Further, rank type listicles have a earned reputation for being clickbait trash. Why? Well, they tend to have grabby headlines (there are so many things people don't want me to know!) and they're short enough to more or less preclude meaningful commentary.

So top tens, or lists of any kind, are a lose lose proposition. That's why the network doesn't really traffic in GOTY style nonsense. There's an episode of Comrade that's a bit of a retrospective but for the most part, we don't do that. However, sometimes it's 2:43 AM the week before finals and you've already missed one backerblog and you don't want to miss another and you're truly bereft of meaningful ideas so you give in.

THUS! Here is a fast and loose list of my top eleven games we've done for Watch Out For Fireballs! along with a little blurb.

11: Super Mario World. Though we did this for a live episode, I still think this is as good as it gets when it comes to platforming and it's a near perfect game. I don't think Mario games have handled secrets this well before or since, where the rewards for exploration are increasingly novel play experiences and daring level design.

10: Final Fantasy 6 I talked about it in the episode but the World of Ruin reveal was one of the formative experiences of my gaming history, a real fuck you to my expectations and an emotional gut punch to boot. Final Fantasy games do melodrama well often but this is one of the best, where the metaphor of the opera that overlays the entire story adds to campy acting rather than takes away from it.

9: A Link to the Past A lot of what I said about FF6 could apply here, vis a vis the dark world mechanic but ALttP adds a fun, frenetic energy that Zelda games have never had. The older games are limited by the technology and the 3D entries are slow paced. The 2nd game, the one I'm most interested in revisiting, actually, plays more akin to Castlevania. This is Zelda at its most immediately fun in a tactile sense.

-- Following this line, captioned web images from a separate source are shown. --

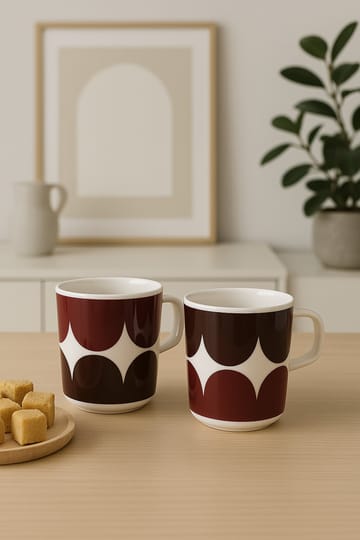 Härkä krus 25 cl 2-pak - white-dark wine-dark red - Marimekko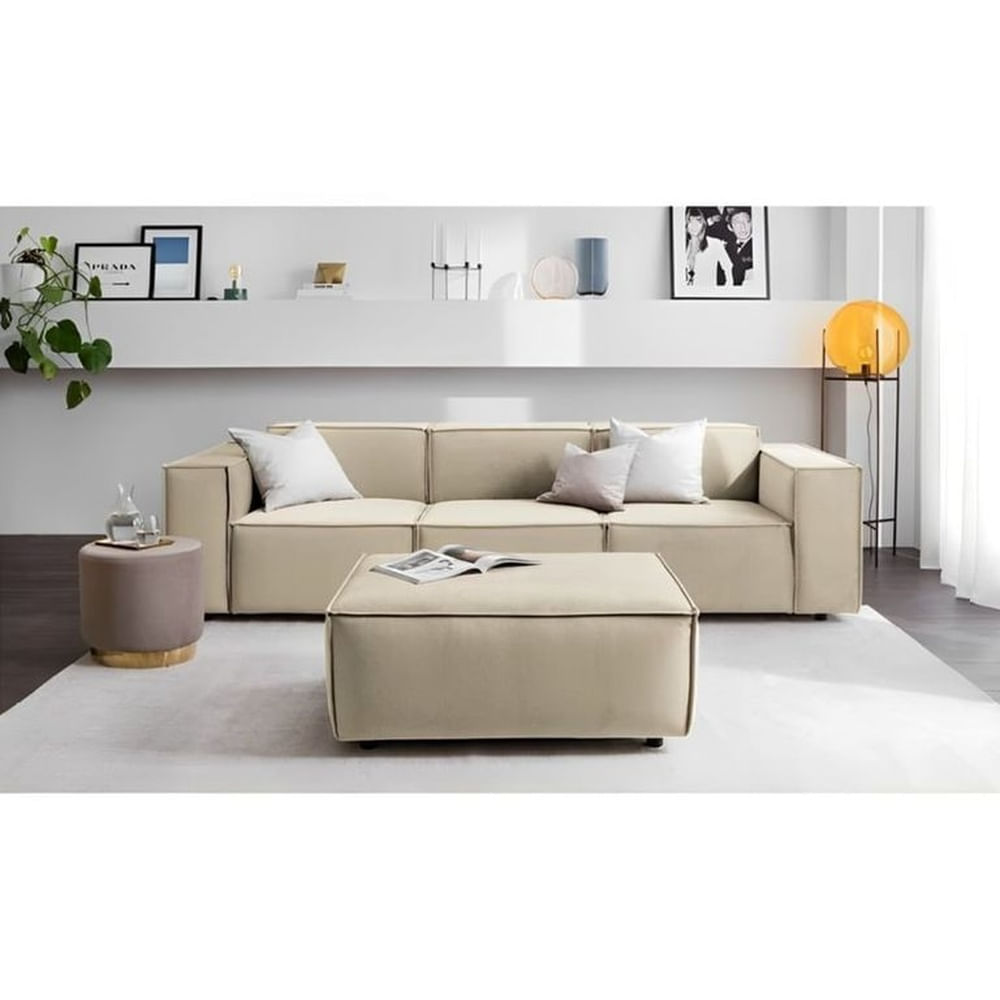 SECCIONAL MIA 3 CUERPOS + 1 BANQUETA - BEIGE + 2 cojines de regalo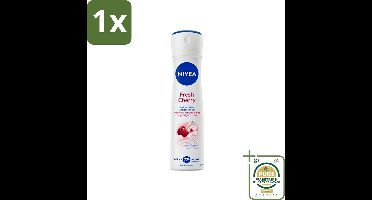 1 x Nivea - Anti-Transpirant Deodorant - Fresh Cherry - 150 ml- Nivea Fresh Cherry Deodorant Spray - Anti-Transpirant Spray - 48 Uur Bescherming - Fruitige Geur - Droog Huidgevoel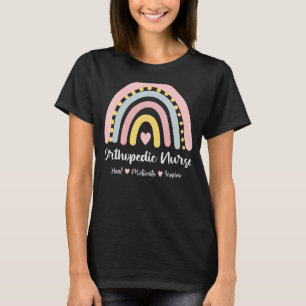 Orthopaedic Nurse Heal Motivate Inspire Boho Rainb T-Shirt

8: Mega Man X I wish we had done this game a little later in the life of the show so I could bring a little more to the episode. MMX is a masterclass in level design as tutorial, a point that's been covered elsewhere better than I could, but it's something I respect immensely.

7: Maniac Mansion The fact that we were able to talk to Ron, a man I derely love, is just icing on the rotten pot roast. I wrote on my blog extensively about why this game is important to me so I won't repeat it here.

6: Silent Hill 2 It's telling that this is the only game on my list that I had no prior experience with, which colors my experience with it. SH2 has a very ambitious narrative and its intersection with the mechanics is laudible (I have specific strong memories of the near endless descent near the end). The only reason it doesn't rank much higher for me is that the mechanics are no great shakes the rest of the time.

5: Shadow of the Colossus Speaking of using mechanics to tie into narrative, SotC does this fantastically. The more I think critically about games, the more I harp on this. I think using play to compliment a holistic message is one of the highest things a game can a achieve and what really separates the medium from movies or books.

4: Fallout Formerly probably my favorite game and it's still high up there. Fallout is one of those games where my initial impressions were so overwhelmingly positive that the negatives flatten out quite a bit. FO1 not only birthed my favorite game franchise, but it was the first game I played where I could talk my way out of problems, which was huge. Several games I played a little later did that better, however...

3: Deus Ex I think this game is a masterpiece, full stop. I've always been in awe of the detail in this world but watching all of Bobbin Threadbare's lecture series on it on youtube made me appreciate it more. Bobbin is sort of a nutbar and he goes a little crazy near the end but he really highlights how thematically sound and complete Deus Ex is. The game has a strong, relatable dilema and places it in a context where you truly do feel free to solve problems the way you want. Player freedom is so important.

2: Final Fantasy Tactics I like the story in FFT but that's not the draw, not really. FFT is endlessly customizable in a way that scratches an itch deep inside my soul. The way you build a party balance from so many different classes, it actually matches Deus Ex for problem solving flexibility in an odd way. Sure, you can't talk your way out of problems (Mediators suck) but you have an immense amount of freedom in the diverse skillset you can bring to any conflict.

1: Planescape Torment Torment contains many of the things I like in games above. It's a wildly ambitious narrative, you're given a lot of leeway in how you solve problems, the way the game eases you into the world is masterful and the detail and character of that world is unmatched. Despite its lackluster combat the thing that makes Torment maybe my favorite game is the way it binds narrative and mechanics to subvert video game tropes. By rewarding things that would get you no where in other games, Torment constantly reinforces the message that you're playing by a different set of rules than you're accustomed to. In a way, it's like The Watchmen, a great work but better if you're a fan of the medium.